The operation of the FID analyzer is verified prior to each test run. Typically a span gas of about 20 ppm methane/balance air is chosen with the analyzer on the 0 – 25 ppm range. It is important that the analyzer be zero/spanned before each test run as experience has shown that the response of model AE2420 Flame Ionization Detector will vary with altitude above sealevel.
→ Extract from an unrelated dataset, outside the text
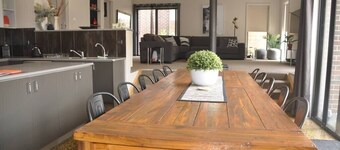 ShaiBeau - Specialising in Large families/groups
3.0 Types of Aerial Pipeline Surveys and Survey Requirements
3.1 Types of Aerial Pipeline Surveys
Airwave Environmental Technologies offers three types of aerial pipeline surveys:
3.1.1 EMERGENCY RESPONSE – LEAK LOCATING SURVEILLANCE
The purpose of this survey is to rapidly identify the point of rupture in a pipeline. Airwave has a Seneca Twin Engine aircraft available on 24 hour standby for these emergencies. In addition to identifying the point(s) of leakage, Airwave is also available as an option to assist in the ground surveillance to pinpoint the exact location of the event.
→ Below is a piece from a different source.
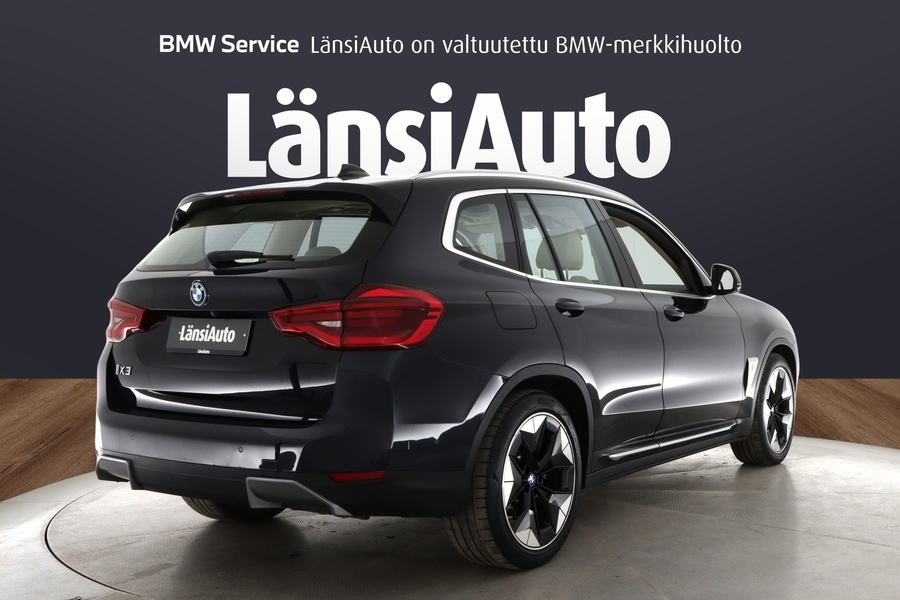 BMW iX3 vaihtoauto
3.1.2 SCHEDULED ROUTINE PIPELINE SURVEILLANCE
On an annual or semi-annual basis, a single pass aerial survey would be conducted to identify hydrocarbon anomalies and determine if any of this occurrences relate to leaks in the oil or gas pipeline. Airwave would maintain a database of each survey and comparisons would be made between past surveys to identify changes in the magnitude of the anomalies.
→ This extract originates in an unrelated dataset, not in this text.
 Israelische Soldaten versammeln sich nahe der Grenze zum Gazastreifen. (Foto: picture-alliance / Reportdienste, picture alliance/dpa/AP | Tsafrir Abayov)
3.1.3 COMPREHENSIVE PIPELINE SURVEILLANCE
This type of survey would involve a detailed hydrocarbon emission profile of a pipeline, showing all potential leakage sites. The length of the pipeline would be flown about four times at different distances parallel to the pipeline to confirm each anomaly and result in a 3 dimensional profile being developed. Ground assistance would also be available at an option to collect samples for analysis to confirm suspected sites. An example of this type of survey request would occur perhaps prior to a purchase of an existing pipeline.
3.2 Pipeline Survey Requirements
3.2.1 Weather Requirements
In general the preferred weather conditions necessary to conduct a satisfactory aerial pipeline leak survey would be as follows:
Temperature : greater than 0o C (32o F)
Wind Speed : Less than 10 knots (11.5 MPH)
Precipitation : Nil
Under these conditions the plume due to the pipeline leakage has an opportunity to become well established even at very low leakage rates (eg. natural gas leak at 1 ft3/ min (28.3 litres/ min) or liquid spill of about 25 gallons over a 100 square foot area).
With respect to routine surveys of liquid pipelines it is preferable to operate at ground temperatures of over 0o C (32o F). Warmer temperatures are required to promote a suitable evaporation rate in order to yield a well defined plume. However, with respect to natural gas leakage, a temperature as low as -200 C (-40 F) can be tolerated before flying the aircraft becomes a hazard. Similarly, while winds of less than 10 knots are preferred, where the suspected leakage rate is high (for example during an emergency response situation) winds of up to 20 knots can be tolerated.
Under favourable conditions, one should be able to locate the source of a pipeline leak within 150 to 300 meters using the data obtained from this test.
3.2.2 Customer Requirements (Survey Preplanning)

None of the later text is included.